“Ikatlah Ilmu Dengan Menuliskannya” (Ali bin Abi Thalib)
Sudah 18 tahun saya tidak lagi “belajar” dalam arti belajar secara serius atau menimba ilmu secara mendalam. Saya yakin pasti banyak juga teman-teman lain yang setelah selesai kuliah, lalu bekerja atau berbisnis, sudah “tersedot” waktu dan energinya, dan tak pernah lagi “belajar”. Alasan apapun yang dikemukakan saya percaya, itu benar. Saya juga selalu saja bisa menemukan alasan-alasan yang “membenarkan” sikap itu.
Pertanyaan yang paling penting memang, “Buat apa sekolah lagi? Bukankah sudah cukup kita belajar dari buku-buku yang kini tersebar dimana-mana? Apapun bidang yang ingin kita pelajari, ada bukunya. Lagi pula belajar dalam bidang profesi atau usaha yang sedang digeluti toh masih tetap dilakukan, baik lewat seminar-seminar atau belajar sendiri.”
Oke lah itu memang sudah kita lakukan. Tapi, yang saya maksud justru belajar dalam arti yang lebih terstruktur, mendalam, melepaskan dahaga kita akan ilmu. Seperti dulu kita sekolah atau kuliah sampai bertahun-tahun lamanya.
Bedanya, dulu saya kuliah kurang termotivasi. Saya lebih peduli dengan nilai dan target-target prestasi lainnya. Karena itu saya lebih banyak belajar cara SKS aja. Sistem Kebut Semalam. Besok mau ujian, sekarang sampai subuh baru belajar mati-matian.
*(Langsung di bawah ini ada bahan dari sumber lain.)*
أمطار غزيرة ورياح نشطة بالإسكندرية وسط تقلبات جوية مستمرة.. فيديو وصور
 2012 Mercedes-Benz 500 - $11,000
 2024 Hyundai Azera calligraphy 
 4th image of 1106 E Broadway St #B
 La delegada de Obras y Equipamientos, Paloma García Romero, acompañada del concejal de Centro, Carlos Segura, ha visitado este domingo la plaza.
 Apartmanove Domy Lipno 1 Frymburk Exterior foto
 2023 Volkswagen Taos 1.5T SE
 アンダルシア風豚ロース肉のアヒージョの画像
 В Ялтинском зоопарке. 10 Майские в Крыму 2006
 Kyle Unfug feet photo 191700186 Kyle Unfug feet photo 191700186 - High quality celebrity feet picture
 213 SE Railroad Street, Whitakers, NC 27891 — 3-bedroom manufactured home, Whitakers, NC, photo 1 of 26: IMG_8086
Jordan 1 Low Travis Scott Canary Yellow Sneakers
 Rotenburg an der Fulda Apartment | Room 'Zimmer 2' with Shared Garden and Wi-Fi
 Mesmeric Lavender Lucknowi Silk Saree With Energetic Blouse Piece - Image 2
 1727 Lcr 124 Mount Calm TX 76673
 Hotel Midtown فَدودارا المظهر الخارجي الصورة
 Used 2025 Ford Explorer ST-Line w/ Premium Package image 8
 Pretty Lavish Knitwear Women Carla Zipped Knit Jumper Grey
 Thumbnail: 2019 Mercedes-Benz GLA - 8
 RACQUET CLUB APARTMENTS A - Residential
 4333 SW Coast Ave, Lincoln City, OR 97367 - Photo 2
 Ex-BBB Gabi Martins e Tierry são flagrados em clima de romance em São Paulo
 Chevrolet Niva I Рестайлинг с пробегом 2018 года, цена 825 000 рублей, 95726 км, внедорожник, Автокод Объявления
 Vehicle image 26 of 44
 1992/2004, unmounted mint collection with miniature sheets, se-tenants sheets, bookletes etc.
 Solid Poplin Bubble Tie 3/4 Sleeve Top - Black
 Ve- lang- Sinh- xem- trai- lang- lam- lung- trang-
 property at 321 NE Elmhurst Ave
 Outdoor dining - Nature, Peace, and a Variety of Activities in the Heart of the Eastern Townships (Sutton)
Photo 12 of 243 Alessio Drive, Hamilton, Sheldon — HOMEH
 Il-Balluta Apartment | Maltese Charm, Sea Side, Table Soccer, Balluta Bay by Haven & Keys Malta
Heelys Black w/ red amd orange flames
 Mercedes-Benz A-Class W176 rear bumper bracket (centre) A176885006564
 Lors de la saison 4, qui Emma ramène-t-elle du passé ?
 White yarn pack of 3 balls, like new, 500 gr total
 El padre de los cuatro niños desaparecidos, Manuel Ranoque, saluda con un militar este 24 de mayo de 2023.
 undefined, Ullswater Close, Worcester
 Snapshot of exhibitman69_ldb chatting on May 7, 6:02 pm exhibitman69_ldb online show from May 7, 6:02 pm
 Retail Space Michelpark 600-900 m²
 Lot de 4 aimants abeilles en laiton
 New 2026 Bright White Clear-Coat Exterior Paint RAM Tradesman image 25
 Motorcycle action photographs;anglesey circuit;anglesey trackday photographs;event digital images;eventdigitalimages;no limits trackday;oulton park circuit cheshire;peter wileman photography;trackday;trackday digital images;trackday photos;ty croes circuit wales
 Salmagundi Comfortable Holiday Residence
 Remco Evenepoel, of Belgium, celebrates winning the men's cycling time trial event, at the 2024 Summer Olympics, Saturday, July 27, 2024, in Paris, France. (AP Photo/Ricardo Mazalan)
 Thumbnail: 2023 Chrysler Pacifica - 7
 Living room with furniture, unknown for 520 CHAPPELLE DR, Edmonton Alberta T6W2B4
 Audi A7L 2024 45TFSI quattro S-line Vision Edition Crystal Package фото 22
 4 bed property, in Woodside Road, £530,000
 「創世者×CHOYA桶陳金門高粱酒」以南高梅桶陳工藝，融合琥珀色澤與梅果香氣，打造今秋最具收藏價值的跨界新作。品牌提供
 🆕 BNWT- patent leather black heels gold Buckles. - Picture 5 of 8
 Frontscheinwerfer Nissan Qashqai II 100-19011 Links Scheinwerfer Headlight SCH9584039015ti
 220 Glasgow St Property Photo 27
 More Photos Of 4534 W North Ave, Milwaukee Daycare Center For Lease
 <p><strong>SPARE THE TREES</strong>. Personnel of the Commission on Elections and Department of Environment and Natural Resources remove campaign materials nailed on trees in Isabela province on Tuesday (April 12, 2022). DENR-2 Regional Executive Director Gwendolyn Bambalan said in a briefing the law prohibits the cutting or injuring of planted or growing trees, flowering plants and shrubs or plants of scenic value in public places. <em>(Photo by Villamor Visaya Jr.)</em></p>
Akibatnya tak banyak “ilmu” yang saya peroleh, kecuali hanya kulit-kulitnya aja. Tapi saya juga tidak peduli. Bahkan mungkin sebagian besar pelajaran yang saya peroleh dulu waktu sekolah atau kuliah, sekarang sudah hilang semua.
Tetapi akhir-akhir ini, saya sering sekali gelisah. Ada “jeritan batin” yang senantiasa mengganggu. Ketika mencoba merenungkan kembali makna-makna hidup yang dijalani, rasanya banyak sekali waktu yang terbuang percuma. Setiap hari, kita sibuk terus dengan urusan-urusan sesuap nasi pengisi perut.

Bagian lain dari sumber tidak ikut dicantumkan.